The year was 1956, and the streets of St. Louis, bustling by day, had all but emptied for the night.

It was late, and the bright neon lights of the movie theater gave way to darkness as Ann Phillips walked home alone.

A movie would be the perfect end to her night off from her work as a live-in nanny, Ms. Phillips had thought.

She had no idea how that decision would upend her life.

It was hours before she managed to pick herself up off the pavement. Beaten and left for dead, Ms. Phillips had lain there waiting for her eight shirtless attackers to come back and finish the job. When that didn’t happen, she went home, packed her things, and left for her parents’ house in Jackson, Mississippi.

Three months later, she realized that she was pregnant.

“And then the fight begins,” Juda Myers told The Epoch Times, recounting her mother’s story.
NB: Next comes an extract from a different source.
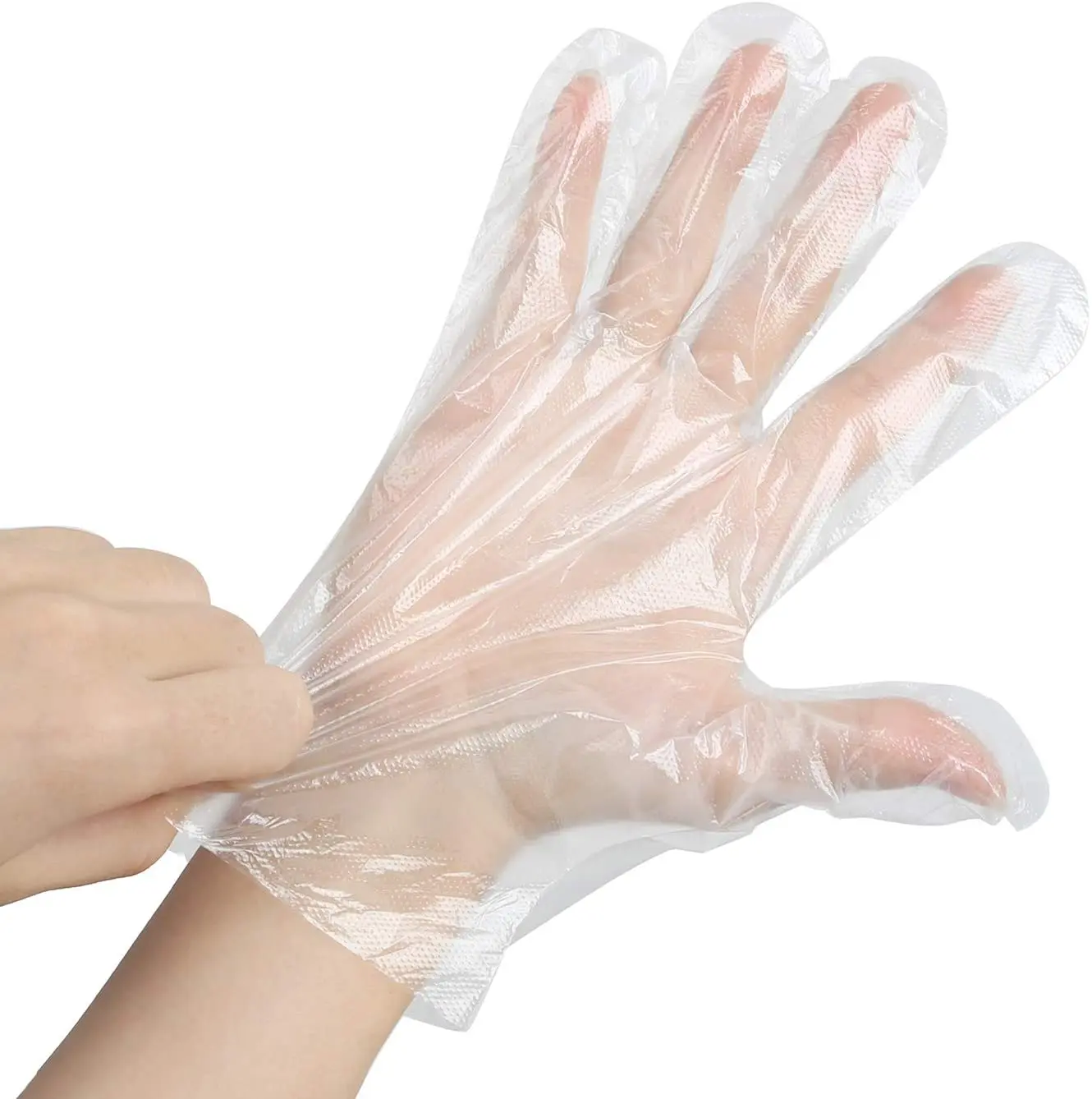 cheap plastic gloves disposable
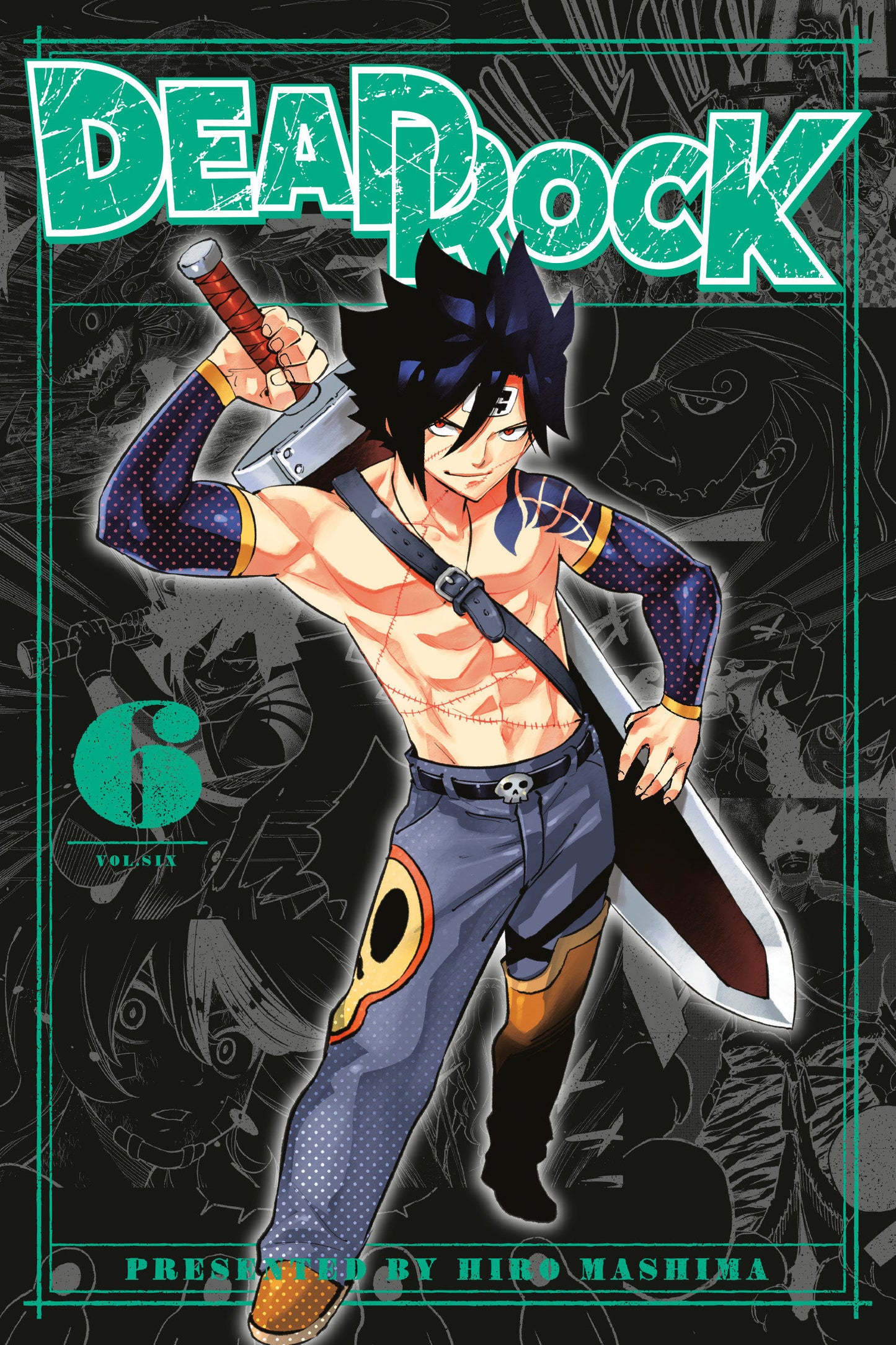 DEAD ROCK 6 - PREORDER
Ms. Phillips’s parents pushed her to abort her baby—despite the procedure’s illegality—with the help of a doctor who had promised to “take care of it.”

Unwilling to end her child’s life, Ms. Phillips instead chose adoption.

Ms. Myers, inspired by her mother’s selflessness, now advocates on behalf of other babies conceived in rape—a group often dismissed in the national abortion conversation.

Out of the Abyss

Ms. Myers was born on Feb. 14, 1957—Valentine’s Day—and was adopted at 3 months old.

She grew up knowing that she was adopted but waited until she was in her mid-40s—after her adoptive mother had died—to look for answers about her birth parents.

The truth wasn’t easy to find. To conceal the circumstances of Ms. Myers’s conception, the adoption agency had lied and told her adoptive parents that her birth mother was dead.

“I guess they figured the infamous ‘rape baby’ wasn’t wanted by anybody,” she said.

When Ms. Myers tracked down the agency, the staff remained evasive. Finally, after some effort, she extracted the truth.

“I felt like a brick had hit my face,” she recalled.

Ms. Myers stumbled back to her car in a daze, the word “raped” still echoing in her mind. What a horrible way to enter the world, she thought. And as she sat there reeling in the driver’s seat, consumed by anguish and shock, her thoughts turned dark.